For forward thinkers who recognize transit’s role in moving people, rooting communities, and attracting and retaining a world-class workforce, it’s a time to celebrate. It’s also a time to assess some of the key issues surrounding the line, including:
Development: The Metropolitan Council, the governing body that built and that will operate the Green Line, estimates that even before boarding begins, the line has spurred about $2.5 billion in projects that have been completed, are under construction or are planned. Some dispute that figure, pointing out that some of the construction would have occurred anyway. That’s no doubt true, but there should be no dispute that the public infrastructure investment has been met with a robust response from the private sector. The results will be apparent to passengers who simply look out the windows of the gleaming three-car trains. In just one example, this week ground was broken on the 4Marq, a 30-story, 262-unit luxury apartment tower adjacent to the light-rail station at 5th Street and Nicollet Mall in Minneapolis.
Both downtowns are experiencing a building boom as the Twin Cities lead the region out of the Great Recession. But it’s not just the central business districts — other parts of Minneapolis and St.

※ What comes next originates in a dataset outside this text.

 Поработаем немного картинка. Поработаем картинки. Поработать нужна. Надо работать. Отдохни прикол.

Paul are thriving, too, as the central cities and first-ring suburbs enjoy growth that until recently had been mostly limited to the second-ring suburbs and beyond.
Speed: It will take about 48 minutes to get from Union Depot Station in downtown St. Paul to Target Field Station in downtown Minneapolis. But most passengers won’t ride end-to-end. For the more common shorter trips, the Green Line’s speed is reasonable by urban transit standards. Light rail, after all, is designed to be convenient and connecting, but not overly quick.

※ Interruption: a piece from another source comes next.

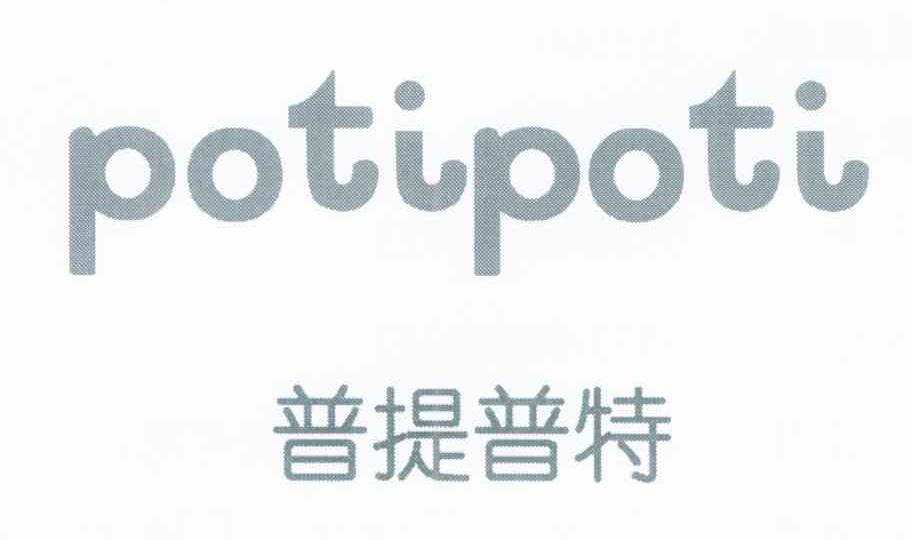 普提普特 POTIPOTI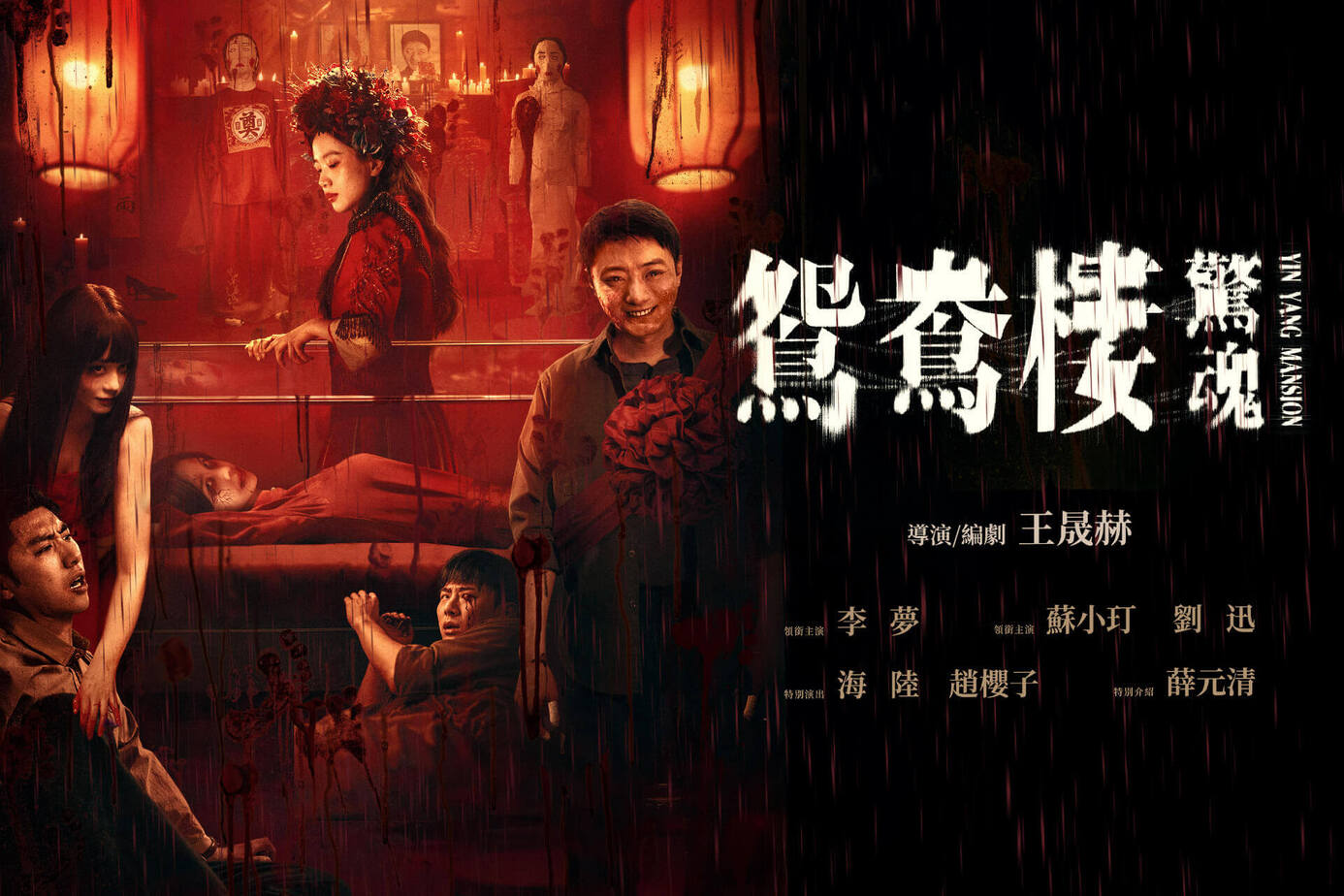 鴛鴦樓．驚魂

Safety: When the Blue Line (formerly Hiawatha) opened in 2004, earbuds and smartphones were not yet omnipresent. Those distractions, combined with a line that by design serves a dense urban area, make it imperative that Metro Transit’s safety campaign is amplified by nearby businesses and institutions, much like the University of Minnesota is doing. Safety will be an issue for pedestrians, cyclists and cars alike, and will be especially important in the fall when students return to the U and fans flock to both Vikings and Gophers games at TCF Bank Stadium.
As part of the opening weekend, rides will be free on Saturday and Sunday. Nine stations along the line will have opening ceremonies and celebrations throughout the day. Riders should stop in (and return) to thank the many businesses that hung tough during disruptive construction.

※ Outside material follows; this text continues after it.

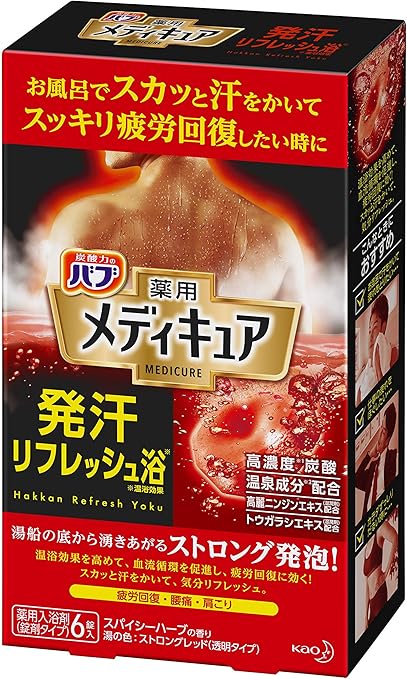 Amazon バブ メディキュア 発汗 リフレッシュ浴 6錠入 医薬部外品 高濃度 炭酸 温泉成分 お風呂でスカッと汗をかいてスッキリ疲労回復したい時に 入浴剤 バブ 炭酸入浴剤 通販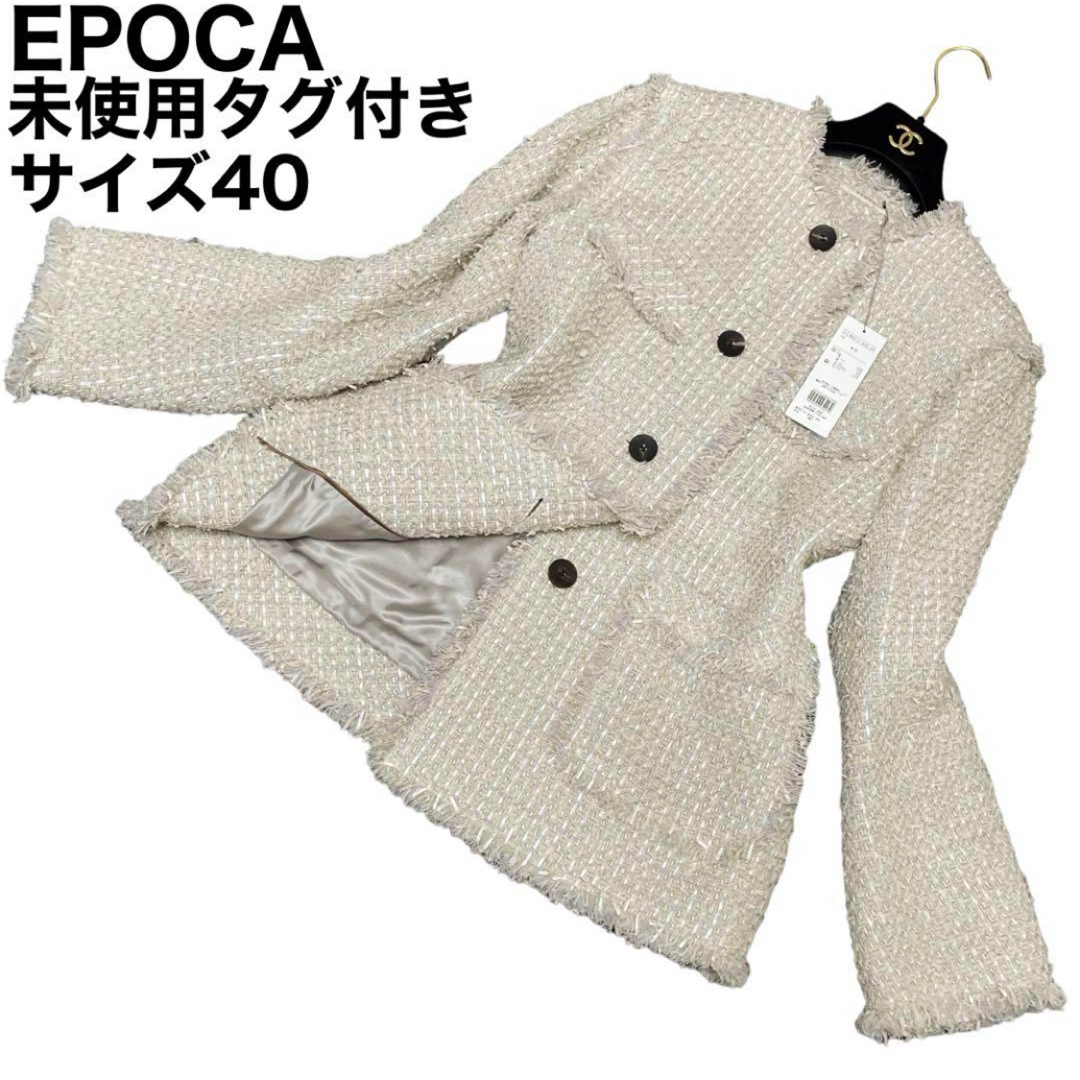 EPOCA(エポカ)のEPOCA 未使用タグ付き　ノーカラー　ジャケットコート　ツイード　定価約12万 レディースのジャケット/アウター(ノーカラージャケット)の商品写真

But after the well-deserved celebratory weekend, there’s real work to do to make sure the Green Line — and the entire transit system — lives up to its potential. July 14 is the deadline for five cities and Hennepin County to grant municipal consent to the Green Line extension (commonly called Southwest light rail).
To date, Hennepin County, Eden Prairie, Minnetonka, Hopkins and St. Louis Park have held or scheduled hearings and legislatively mandated votes on granting municipal consent to the nearly 16-mile, $1.68 billion line.
Although Minneapolis has yet to establish a timetable for a hearing or a vote, the city and Met Council have been in behind-the-scenes talks facilitated by a mediator. The proposed Met Council solution to the controversy of co-locating freight and light rail in the Kenilworth corridor may not be ideal, but it’s crucial for the Minneapolis City Council to get to “yes” on a project that would cement downtown Minneapolis as the region’s business center, as well as provide better access to city residents to the job-rich southwestern suburbs. A majority of Minneapolis council members — along with Mayor Betsy Hodges — campaigned as strong advocates of transit and regionalism. Rather than battling the Met Council, they should be selling Green Line extension to their constituents before the opportunity slips away.